Saturday, November 9, 11AM
Join author Cheryl Minnema at Wild Rumpus for a story time featuring her lovely new picture book, Johnny's Pheasant.
Cheryl Minnema (Waabaanakwadookwe) is a member of the Mille Lacs Band of Ojibwe. She was born in Minneapolis and raised on the Mille Lacs Reservation. Along with writing children’s literature and poetry, she creates Ojibwe floral beadwork and nature photography. She is author of Hungry Johnny, which was a 2015 Native America Calling book club selection.
Pre-order Johnny's Pheasant and have it signed by Cheryl Minnema! Can't make it to the event? Just indicate to whom you would like your book signed in the customer notes when you order online here, or call the store at 612-920-5005. You can pick up your signed copy of Johnny's Pheasant after November 9.

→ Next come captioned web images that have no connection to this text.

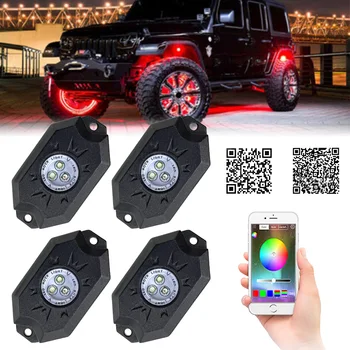 4 Vagens De Jipe Atv Suv Offroad Caminhão de Néon, Lâmpada LED Kit Bluetooth APLICATIVO de LED RGB Rock Luzes de Ambiente Música de Luz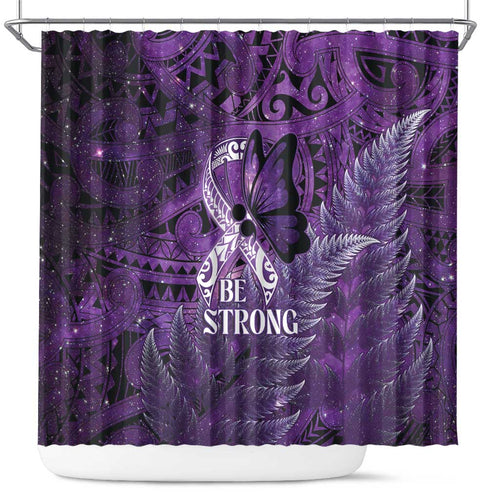Lupus Awareness Month New Zealand Shower Curtain Be Strong Warrior Maori Silver Fern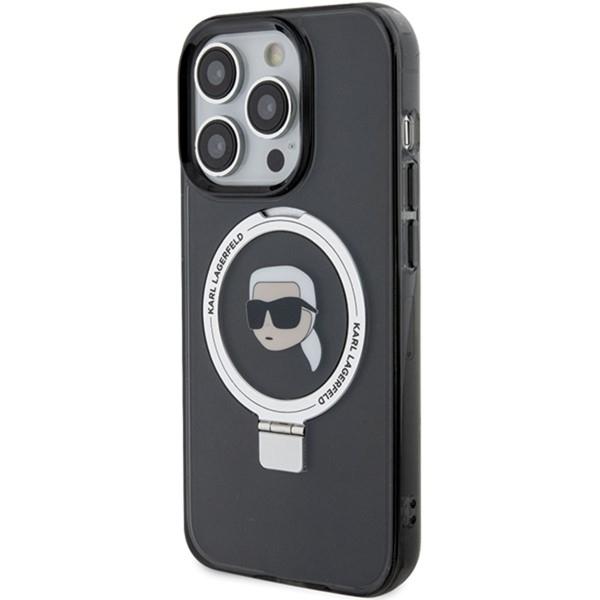 Karl Lagerfeld Klhmp15Lhmrskhk Iphone 15 Pro 6.1 Czarny/Black Hardcase Ring Stand Karl Head Magsafe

An encounter with a pheasant (which may or may not be sleeping) takes a surprising turn in this sweetly serious and funny story of a Native American boy and his grandma
"Pull over, Grandma! Hurry!” Johnny says. Grandma does, and Johnny runs to show her what he spotted near the ditch: a sleeping pheasant. What Grandma sees is a small feathery hump. When Johnny wants to take it home, Grandma tries to tell him that the pheasant might have been hit by a car. But maybe she could use the feathers for her craftwork? So home with Grandma and Johnny the pheasant goes . . .
It’s hard to say who is most surprised by what happens next—Grandma, Johnny, or the pheasant. But no one will be more delighted than the reader at this lesson about patience and kindness and respect for nature, imparted by Grandma’s gentle humor, Johnny’s happy hooting, and all the quiet wisdom found in Cheryl Minnema’s stories of Native life and Julie Flett’s remarkably evocative and beautiful illustrations.
“I like to eat, eat, eat,” choruses young Johnny as he watches Grandma at work in the kitchen. Wild rice, fried potatoes, fruit salad, frosted sweet rolls—what a feast! Johnny can hardly contain his excitement. In no time, he’ll be digging in with everyone else, filling his belly with all this good food.
But wait. First there is the long drive to the community center. And then an even longer Ojibwe prayer. And then—well, young boys know to follow the rules: elders eat first, no matter how hungry the youngsters are. Johnny lingers with Grandma, worried that the tasty treats won’t last. Seats at the tables fill and refill; platters are emptied and then replaced. Will it ever be their turn? And will there be enough?
As Johnny watches anxiously, Grandma gently teaches. By the time her friend Katherine arrives late to the gathering, Johnny knows just what to do, hunger pangs or no. He understands, just as Grandma does, that gratitude, patience, and respect are rewarded by a place at the table—and plenty to eat, eat, eat.
Writer and beadwork artist Cheryl Kay Minnema is a member of the Mille Lacs Band of Ojibwe. Artist Wesley Ballinger, also a member of the Mille Lacs Band, works for the Great Lakes Indian Fish and Wildlife Commission.